User-1677473226 posted
I have an ASP.NET app that accepts an XML document via HTTP using Request.InputStream. The XML doc is UTF-8 encoded (<?xml version="1.0" encoding="UTF-8"?>) and contains some special unicode characters (i.e. non-English letters
which contain accent marks, etc.). I am reading the Request.InputStream into a DataSet using ReadXml().
Stream xmlFile = Request.InputStream;
DataSet ds = new DataSet();
ds.ReadXml(xmlFile);
The stream is accepted fine, but once it tries to read it into the DataSet, I get an error: "There is an invalid character in the given encoding..." If the original XML file's encoding is changed to <?xml version="1.0" encoding="ISO-8859-1"?>
then it works without error. This is confusing to begin with because I thought that the UTF-8 charset covered all the characters in ISO-8859-1. Is that incorrect?

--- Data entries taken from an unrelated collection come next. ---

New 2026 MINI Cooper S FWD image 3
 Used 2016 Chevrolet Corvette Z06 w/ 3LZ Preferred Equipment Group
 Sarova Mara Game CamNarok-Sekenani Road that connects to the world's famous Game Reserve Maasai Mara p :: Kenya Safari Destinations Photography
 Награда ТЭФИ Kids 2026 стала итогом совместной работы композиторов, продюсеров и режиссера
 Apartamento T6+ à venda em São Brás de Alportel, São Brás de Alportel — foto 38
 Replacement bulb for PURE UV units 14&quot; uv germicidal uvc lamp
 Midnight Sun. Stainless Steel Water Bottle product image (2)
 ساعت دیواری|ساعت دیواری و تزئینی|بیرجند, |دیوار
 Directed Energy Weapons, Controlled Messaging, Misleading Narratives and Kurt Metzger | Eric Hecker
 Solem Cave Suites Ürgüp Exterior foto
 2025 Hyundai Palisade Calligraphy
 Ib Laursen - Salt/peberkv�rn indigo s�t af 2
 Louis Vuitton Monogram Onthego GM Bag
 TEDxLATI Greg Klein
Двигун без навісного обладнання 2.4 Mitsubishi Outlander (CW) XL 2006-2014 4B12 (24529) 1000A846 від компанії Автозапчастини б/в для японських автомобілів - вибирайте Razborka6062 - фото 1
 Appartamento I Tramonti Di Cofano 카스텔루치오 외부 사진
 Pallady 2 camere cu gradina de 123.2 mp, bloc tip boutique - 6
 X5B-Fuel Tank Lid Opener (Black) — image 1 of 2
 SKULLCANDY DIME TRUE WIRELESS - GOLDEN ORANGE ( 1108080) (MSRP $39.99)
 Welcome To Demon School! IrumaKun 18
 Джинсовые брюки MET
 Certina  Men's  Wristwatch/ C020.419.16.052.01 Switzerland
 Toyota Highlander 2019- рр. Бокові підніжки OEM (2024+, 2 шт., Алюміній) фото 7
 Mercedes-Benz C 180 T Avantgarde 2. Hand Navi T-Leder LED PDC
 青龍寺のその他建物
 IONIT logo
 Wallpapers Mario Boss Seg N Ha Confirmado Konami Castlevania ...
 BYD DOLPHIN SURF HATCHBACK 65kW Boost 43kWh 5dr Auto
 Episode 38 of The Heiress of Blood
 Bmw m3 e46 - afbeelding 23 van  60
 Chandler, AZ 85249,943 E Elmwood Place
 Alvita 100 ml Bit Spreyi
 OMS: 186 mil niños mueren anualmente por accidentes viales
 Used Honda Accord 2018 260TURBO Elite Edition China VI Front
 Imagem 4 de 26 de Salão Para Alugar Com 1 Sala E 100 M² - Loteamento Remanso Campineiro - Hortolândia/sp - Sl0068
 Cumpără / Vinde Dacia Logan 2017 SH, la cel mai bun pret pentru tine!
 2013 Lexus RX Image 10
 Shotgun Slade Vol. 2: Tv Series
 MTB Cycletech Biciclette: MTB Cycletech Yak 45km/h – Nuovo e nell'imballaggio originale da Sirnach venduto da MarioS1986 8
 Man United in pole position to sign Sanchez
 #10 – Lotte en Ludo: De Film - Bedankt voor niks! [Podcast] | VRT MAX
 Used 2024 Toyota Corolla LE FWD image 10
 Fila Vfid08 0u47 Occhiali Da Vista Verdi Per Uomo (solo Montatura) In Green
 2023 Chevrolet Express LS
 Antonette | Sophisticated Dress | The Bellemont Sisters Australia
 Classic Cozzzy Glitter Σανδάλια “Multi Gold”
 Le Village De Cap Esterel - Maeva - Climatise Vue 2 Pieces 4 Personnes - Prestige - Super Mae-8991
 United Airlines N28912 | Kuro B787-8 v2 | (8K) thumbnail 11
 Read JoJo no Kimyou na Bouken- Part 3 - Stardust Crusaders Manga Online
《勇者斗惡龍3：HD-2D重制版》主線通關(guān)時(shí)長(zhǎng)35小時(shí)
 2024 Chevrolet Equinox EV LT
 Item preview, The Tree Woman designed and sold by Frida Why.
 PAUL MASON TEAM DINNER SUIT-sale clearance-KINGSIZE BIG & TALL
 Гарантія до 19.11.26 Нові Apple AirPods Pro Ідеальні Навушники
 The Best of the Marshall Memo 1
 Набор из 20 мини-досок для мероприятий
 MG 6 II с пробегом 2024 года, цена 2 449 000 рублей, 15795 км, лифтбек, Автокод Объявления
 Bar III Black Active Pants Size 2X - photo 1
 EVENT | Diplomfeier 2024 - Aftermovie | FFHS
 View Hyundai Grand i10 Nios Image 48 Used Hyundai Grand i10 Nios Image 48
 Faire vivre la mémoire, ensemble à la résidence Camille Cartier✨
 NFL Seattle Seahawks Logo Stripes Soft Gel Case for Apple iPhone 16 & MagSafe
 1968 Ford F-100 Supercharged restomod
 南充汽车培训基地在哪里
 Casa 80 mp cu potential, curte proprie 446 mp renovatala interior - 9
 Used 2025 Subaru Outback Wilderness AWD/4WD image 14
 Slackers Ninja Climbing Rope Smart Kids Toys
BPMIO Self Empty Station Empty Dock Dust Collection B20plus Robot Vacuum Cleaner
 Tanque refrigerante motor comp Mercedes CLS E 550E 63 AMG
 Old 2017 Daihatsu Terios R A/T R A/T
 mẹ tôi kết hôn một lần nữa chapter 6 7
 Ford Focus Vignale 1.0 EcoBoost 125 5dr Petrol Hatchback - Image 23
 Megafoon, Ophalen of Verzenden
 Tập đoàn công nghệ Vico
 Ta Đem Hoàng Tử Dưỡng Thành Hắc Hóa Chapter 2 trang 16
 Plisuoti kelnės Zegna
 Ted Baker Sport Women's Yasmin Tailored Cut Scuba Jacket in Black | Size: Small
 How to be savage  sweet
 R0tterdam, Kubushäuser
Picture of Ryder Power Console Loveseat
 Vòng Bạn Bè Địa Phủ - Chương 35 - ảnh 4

Since I don't have any control over how the original XML doc is encoded (it must remain UTF-8), I have been trying to find a way to set the encoding at runtime. I have tried setting Request.ContentEncoding to both UTF-8 and ISO-8859-1, both in the Page_Load()
and in the Application_BeginRequest() handlers. Also tried setting the <globalization> settings in Web.Config both ways - nothing has worked. I also tried reading the XML file into an XmlDocument object instead of a DataSet, but got the same error.
I'd like to keep it in a DataSet if at all possible because it's much easier for the data manipulation that I have to do later on in the program. Is there any way to avoid the error without changing the original InputStream?
Any help would be greatly appreciated. Thanks.